Ms has been a term in common currency for around 30 years, dammit, she's had time to get used to it. And I don't see why she should assume you have the same surname as her children!

LittleSleighBellasRinging · 16/12/2007 17:35

Yes YABU

You are lucky she gets your first name right. My mother consistently called my DB's gf Ludmila, Ludala, and calls his current gf Victoria, Veronica. She also calls my friend Angharad, Harriet and calls another friend Magdalen, Margaret.

This seems fairly standard old bat behaviour to me, but I concede my threshold may be abnormally low due to my mother's peculiar habit.

motherinferior · 16/12/2007 17:36

...that should read 'your children'.

I like the fact that my children have a surname that is different from but combines both their parents'.

PartridgeinaRustyBearTree · 16/12/2007 17:38

My MIL has called me Jill for years.

ahundredtimes · 16/12/2007 17:40

My MIL repeatedly writes letters to Mr and Mrs 100x, even though she knows full well I haven't changed my name. She would just prefer I had I think.

Mind you my FIL gets my first name wrong all the time. He goes through this list, dh's brother's ex-wife, dh's old girlfriends, dh's brother's wife, the dog's name and then mine.

I just stare at him when he does it.

motherinferior · 16/12/2007 17:42

I call my daughters by the cats' names sometimes

YuleLoveHekateAtSolstice · 16/12/2007 17:42

Partridge - am I right in assuming your name is not Jill?

ahundredtimes · 16/12/2007 17:43

JIll is quite an odd choice really isn't it? Jill. I'd just go with it I think, and pretend my name was Jill. It must be quite entertaining.

Does he call your dp Jack?

motherinferior · 16/12/2007 17:46

Having said that, I do find the cards to DP's Name Esq and Miss Myname quite odd. Mind you I find even odder the fact they're sent by the wife of one of DP's mates, whom I've met precisely twice. Women doing Christmas cards, now, I find that even weirder than Wrong Names.

YuleLoveHekateAtSolstice · 16/12/2007 17:46

Mother - my mum used to do that.

She used to run through the whole list to find the right name!

"Stop that, Sally, Mary, Bobby, X (sister's name) ARRGGHH Z (my name. finally.)

tallulah · 16/12/2007 17:49

No YANBU. I think it is extremely rude to get someone's name wrong.

We have a double-barrelled surname. All of us, me, DH and all the DCs all called Myname-Hisname. MIL does manage to get it right but her sister consistently sends us cards with just DH's (old) surname. We have been married for 24 years. Worst is they are always hand-delivered so don't need a surname on anyway She also spells my first name wrong, and has managed to change DS2's name to a vaguely similar girls name.

This year my mum's brother has started doing it too, AAARRRGGGHHHH!!!!!!!
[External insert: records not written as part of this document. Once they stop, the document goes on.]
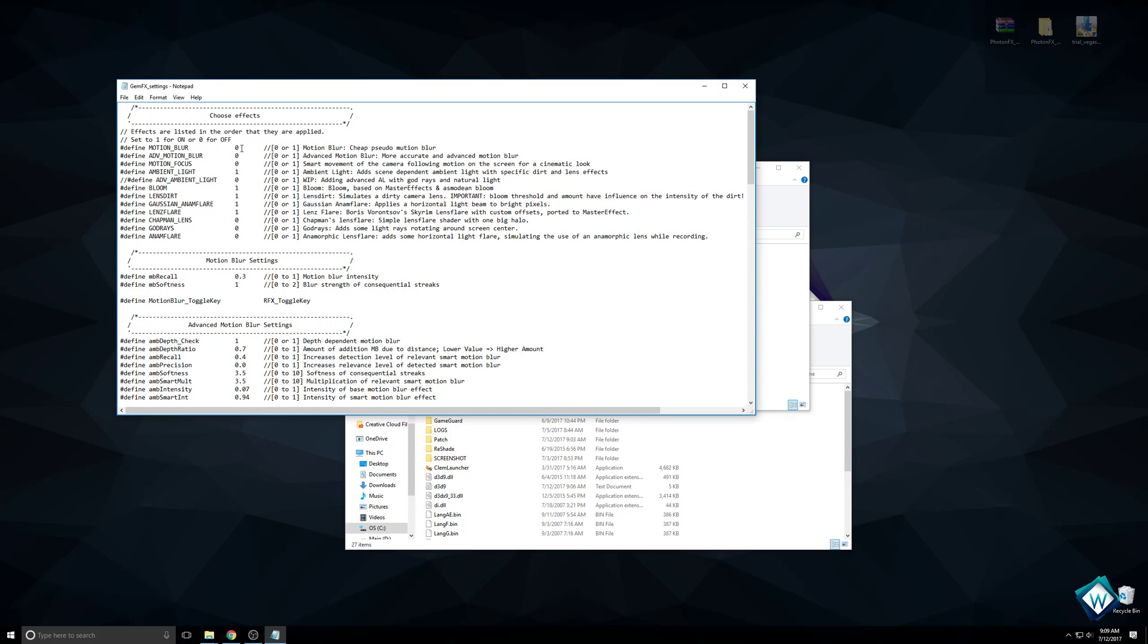Here you can do motion blur, ambient light which I recommend, bloom is a good one. Lens dirt, do I have lens dirt on? I don't want this. One for on, zero for off. I'm going to set that to off.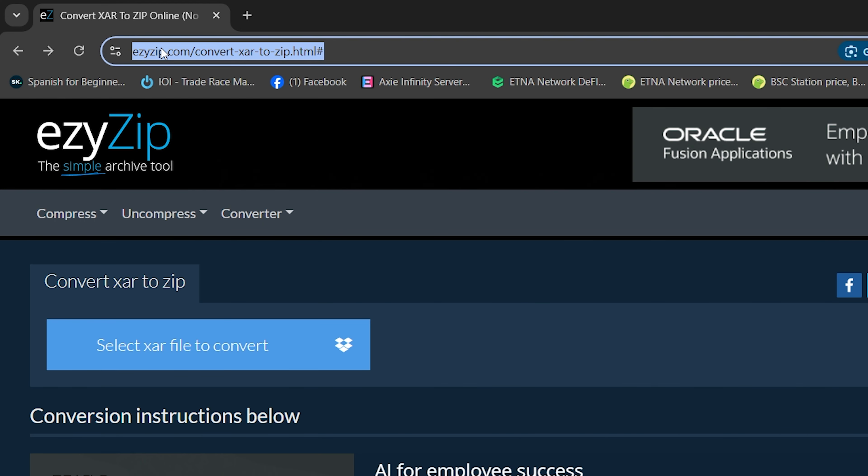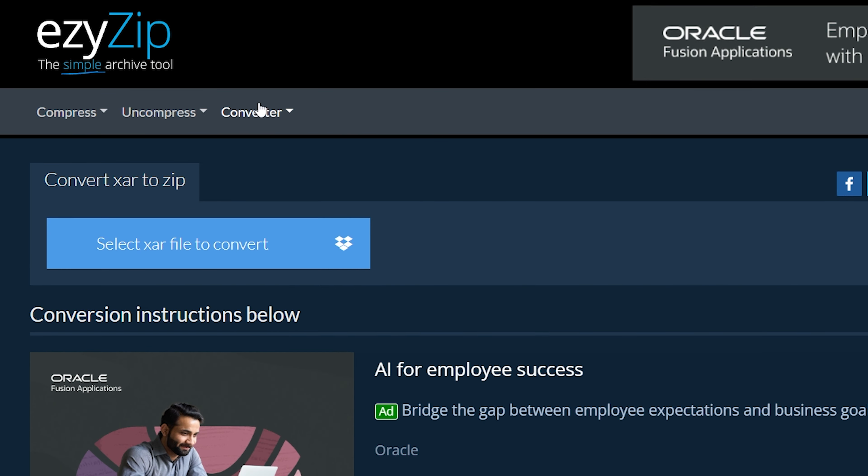Go to EasyZip.com, then click on Convert, Other, and navigate to Convert ZAR to Zip.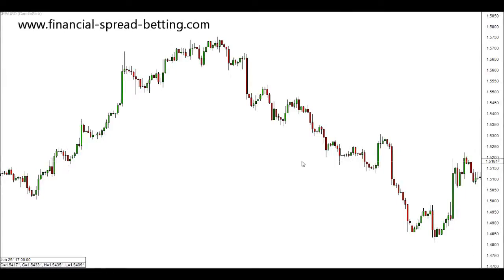Welcome to another technical analysis video. My name is Samuel Morton and in this video I'm going to continue with the various support and resistance that's created in financial markets and the patterns that they form. In this video we're going to look at triangles, support and resistance that creates triangles and the breakouts of those triangles. I'll keep this as simple and brief as possible.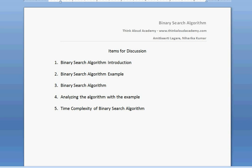Hi, this is Amit Kirti here. In this video, I would like to talk about the binary search algorithm.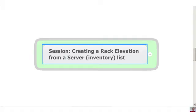Hello and welcome to today's session on Excel tips, tricks, and techniques. We're going to be going over creating rack elevations from a server inventory list in Excel.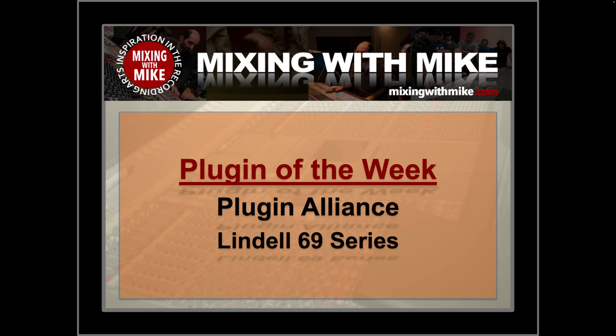Mix it with Mike. Plugin of the Week comes from Plugin Alliance and Lindell. It's the 69 series.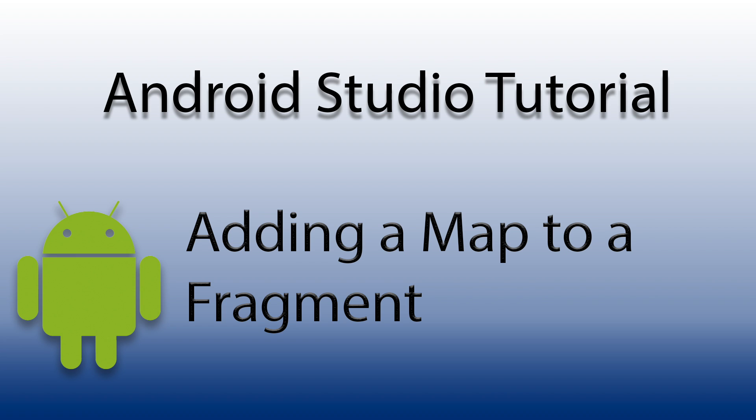Hi guys, for this tutorial you will need a Google account and a copy of Android Studio.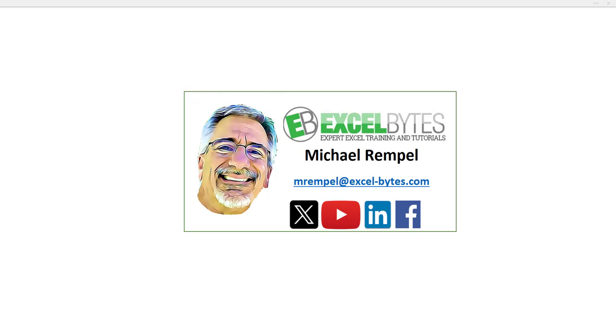In the past, I did a tutorial about how to choose photos based on a selection from a drop-down list. And that's been one of my most successful tutorials. In that tutorial, we use the indirect function, and we'll talk about that in this tutorial. But I've come up with an alternate method to not use the indirect function, and I wanted to share that with you.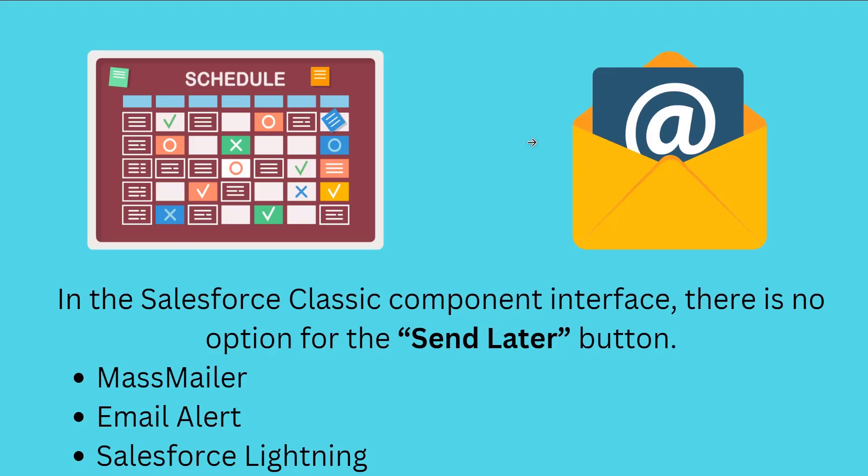Also, in Salesforce Classic we can send an email alert instead of scheduling an email based on certain criteria, such as a specific date. If you don't want to go with these two options, the final alternative is that you have to shift to Salesforce Lightning where you can send an email later by selecting the Send Later button.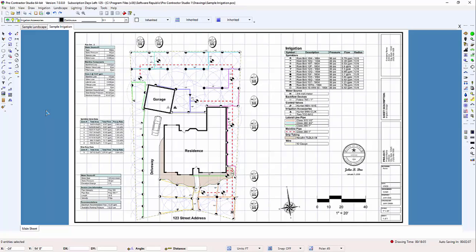Zooming basically increases or decreases the magnification of the design screen. It's very similar to zooming in and out with a camera lens.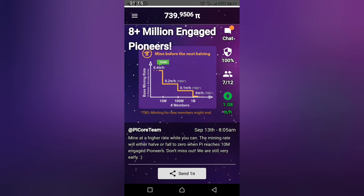If you have not yet started, download the Pi Network app, register using Facebook, and use the referral code in the description. Now let's move quickly to the business of the day.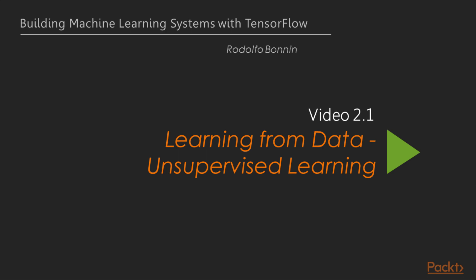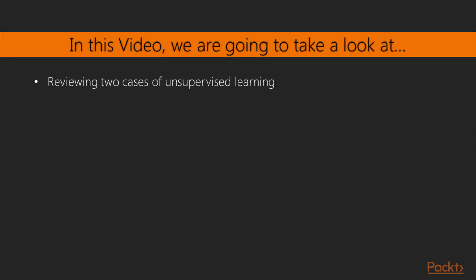Now we will see the first video of section 2, Learning from Data, Unsupervised Learning. In this video, we will be reviewing two cases of unsupervised learning.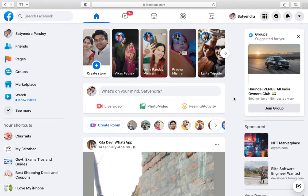Hello everyone. In this video I will show you how to copy a Facebook page link on the PC. Go to facebook.com and log in to your account. Once you're logged in, you need to go to your page.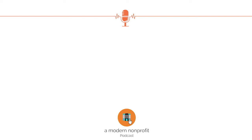Sometimes when I start working with a client, I ask them, do you have a development committee? And I hear, yeah, we have two or three board members who said they'd work on fundraising, but they haven't done anything. Well, two or three board members is not a committee.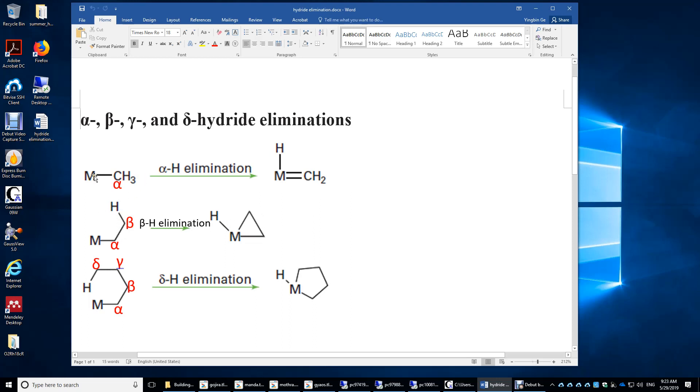And it's possible for M to get a hydrogen on the alpha carbon as well. In this case, it forms an MH bond and a double bond between this M and CH2.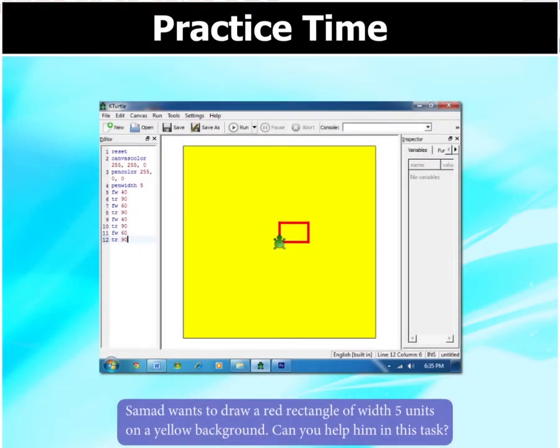Samad wants to draw a red rectangle of width 5 units on a yellow background. Can you help him in this task?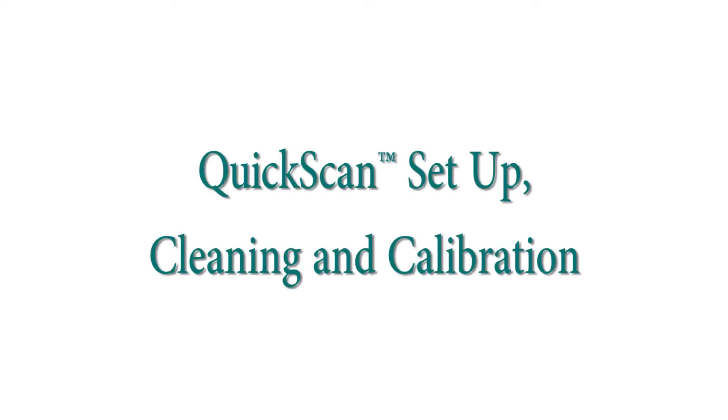The QuickScan system is now ready for use. If you have experienced any difficulties or have any questions about this QuickScan setup process, please contact Envirologics technical support for assistance and troubleshooting.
Sobernow · 16/12/2007 17:50

This reply has been deleted

Message withdrawn at poster's request.

PartridgeinaRustyBearTree · 16/12/2007 17:50

No,my name is not Jill - it does begin with J though.

edam · 16/12/2007 17:50

Thing is, the women who are now our mothers and MILs were young when Women's Lib was HUGE - they are the generation that fought for equal pay, fgs, they aren't Victorians! So there is no excuse for deliberately getting names wrong or pretending they are all confused.

motherinferior · 16/12/2007 17:52

Spot on, Edam. Women's Lib was around when I was a girl. And that was about 120 years ago, ffs.

JingleBelgoHoHoHo · 16/12/2007 17:55

Sodernow - that is annoying, and very rude.